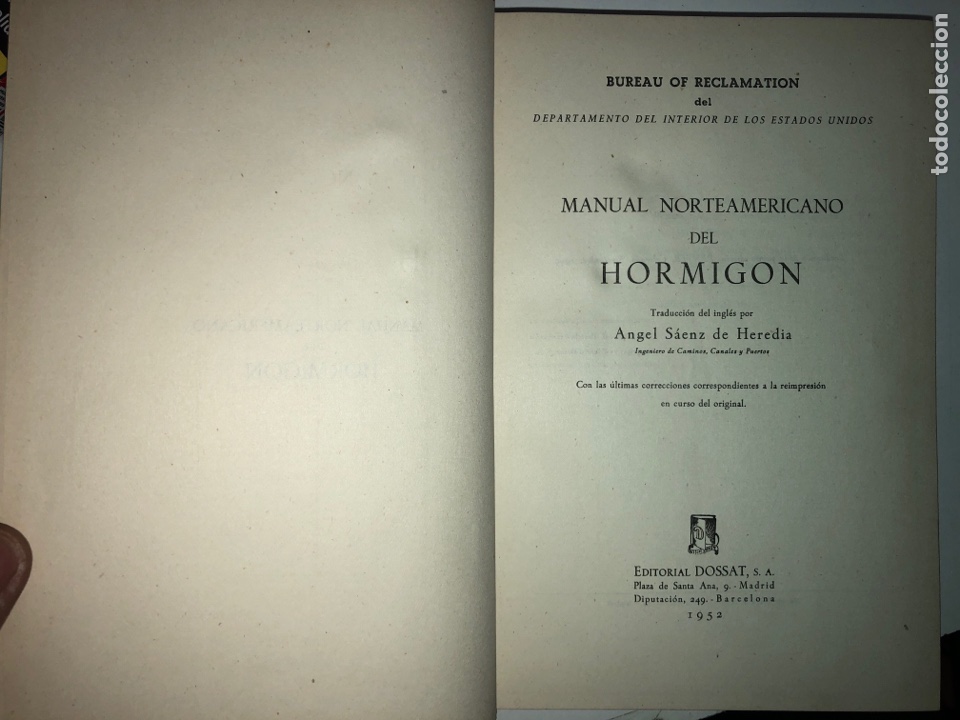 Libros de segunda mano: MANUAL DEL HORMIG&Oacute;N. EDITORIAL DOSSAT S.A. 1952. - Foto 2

* * *

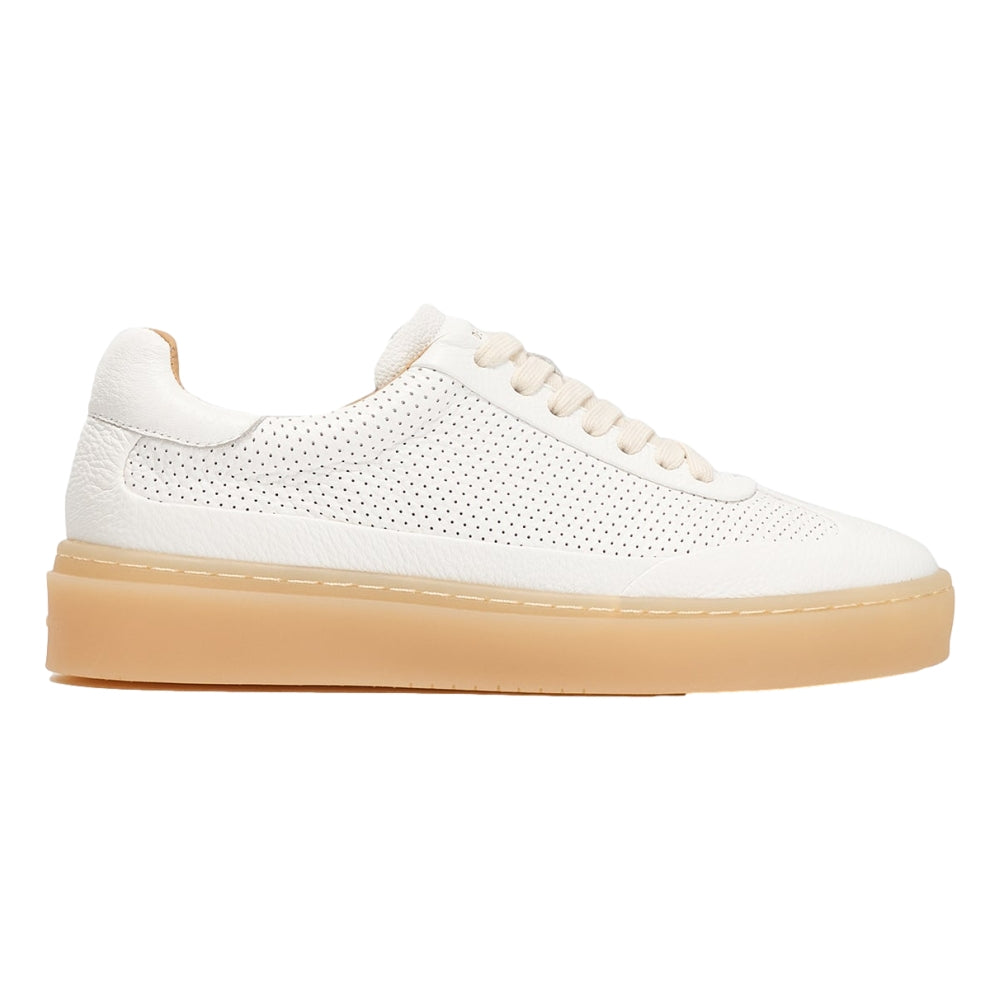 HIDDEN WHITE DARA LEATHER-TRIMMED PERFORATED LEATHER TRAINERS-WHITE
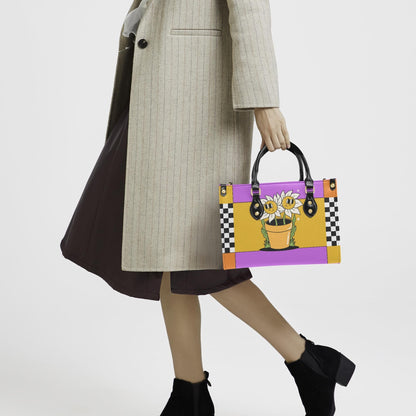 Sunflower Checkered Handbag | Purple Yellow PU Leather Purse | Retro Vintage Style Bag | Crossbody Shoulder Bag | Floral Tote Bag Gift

**ABOUT THIS EXERCISE:** Copy word for word the lines of the records above from the one with "HIDDEN WHITE DARA" up to and including the one with "Sunflower Checkered Handbag". Skip the pictures.

**ANSWER BOX:**
 HIDDEN WHITE DARA LEATHER-TRIMMED PERFORATED LEATHER TRAINERS-WHITE
 Sunflower Checkered Handbag | Purple Yellow PU Leather Purse | Retro Vintage Style Bag | Crossbody Shoulder Bag | Floral Tote Bag Gift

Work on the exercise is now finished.